Fluo has a stress test which computes the number of unique integers through the process of building a bitwise trie. Multiple collections of randomly generated integers are provided as input. The test suite includes a simple map reduce job that can read the same data fed to Fluo and compute the number of unique integers. The correctness of Fluo can be verified by checking the result in Fluo against the map reduce job. The test is intended to exercise Fluo at scale and complements the unit and integration test. One of our goals before releasing beta is to run this test on clusters for long periods of time. This post records the experience of running the stress test overnight on a cluster for the first time.

For this test run, initially ~1 billion random integers were generated and loaded into Fluo via map reduce. After that ~100K random integers were repeatedly loaded 120 times, sleeping 2 minutes between loads. After everything finished, the test was a success. The number of unique integers computed independently by MapReduce matched the number computed by Fluo. Below is the output of the stress test count from Fluo.

 $ java -cp $STRESS_JAR io.fluo.stress.trie.Print $FLUO_PROPS
 Total at root : 1011489250
 Nodes Scanned : 59605

Below are a few lines of output selected from the map reduce job.

 Map input records=1011999273

This output shows that 1,011,999,273 random integers (between 0 and 1012-1) were given to Fluo and map reduce. Both computations reported 1,011,489,250 unique integers.

Graphite Plots

Before running the overnight test, a quick test with only a few iterations was run against an empty table.

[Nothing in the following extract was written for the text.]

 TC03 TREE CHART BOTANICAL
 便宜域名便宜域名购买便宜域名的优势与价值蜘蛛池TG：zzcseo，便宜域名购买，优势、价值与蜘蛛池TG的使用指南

This initial test went well and had no problems keeping up. Based on that quick test, the decision was made load 100K random integers into Fluo every two minutes for 120 iterations. However a big difference between the quick test and the long running test, was that the long running test did not start with an empty table. What worked well for an empty table did not work well for a table with a billion initial entries. The long running test was kicked off in the evening, giving EC2 something to do in the wee hours.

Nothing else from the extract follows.